Linda Ronstadt: The Sound of My Voice
Ronstadt is our guide through her early years of singing Mexican canciones with her family; her folk days with the Stone Poneys; and her reign as the “rock queen” of the ’70s and early ’80s. She was a pioneer for women in the male-dominated music industry; an early advocate for human rights, and had a high-profile romance with California governor Jerry Brown.

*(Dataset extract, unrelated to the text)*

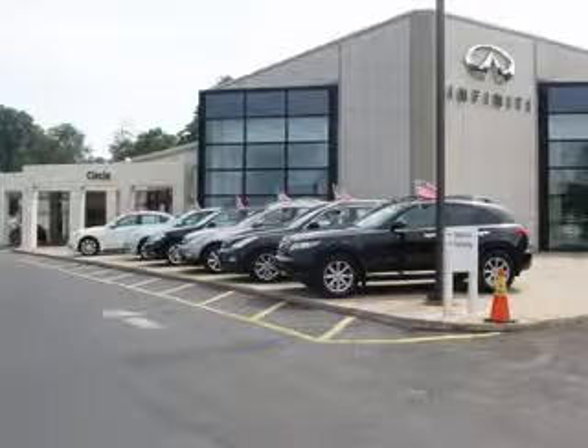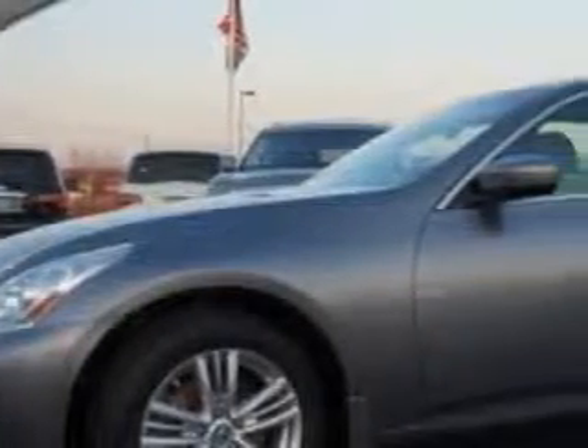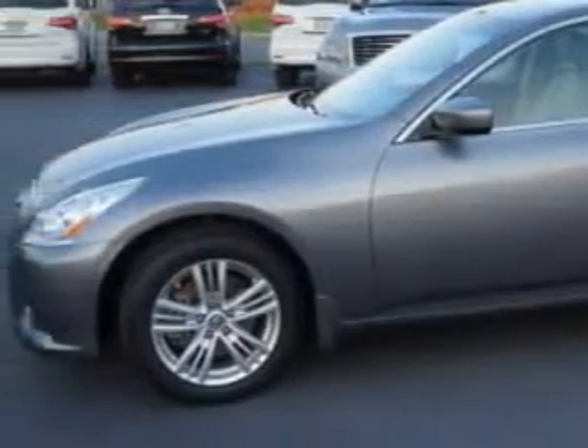Thank you for visiting Circle Infinity, where customer service means making your car buying experience as easy and enjoyable as possible. Check out this Graphite Shadow 2011 Infinity G37 all-wheel drive, equipped with a 6-cylinder engine and an automatic transmission. Enjoy this great car with features like:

Ultimately, her incredible voice was lost to Parkinson’s disease, but her music and influence remain as timeless as ever. With moving performance footage and appearances by collaborators including Dolly Parton, Emmylou Harris, Bonnie Raitt and Jackson Browne, Linda Ronstadt: The Sound of My Voice celebrates an artist whose desire to share the music she loved made generations of fans fall in love with her – and the sound of her voice.
The Mexican-American singer spoke with Terry Gross in 2013 on NPR about her career and her Parkinson’s diagnosis. Listen to it here.
"It captures the life and career of a rock 'n' roll star who never looked back, never apologized, never compromised, virtually never made a wrong move, and made it all seem effortless."
"Ronstadt’s work, and her words in this film, testify to the multicultural, cross-pollinating vitality of American vernacular music. She shows herself to be one of its indispensable interpreters, as a vocalist and also as a thinker - covering a sprawling landscape with elegance, passion and insight."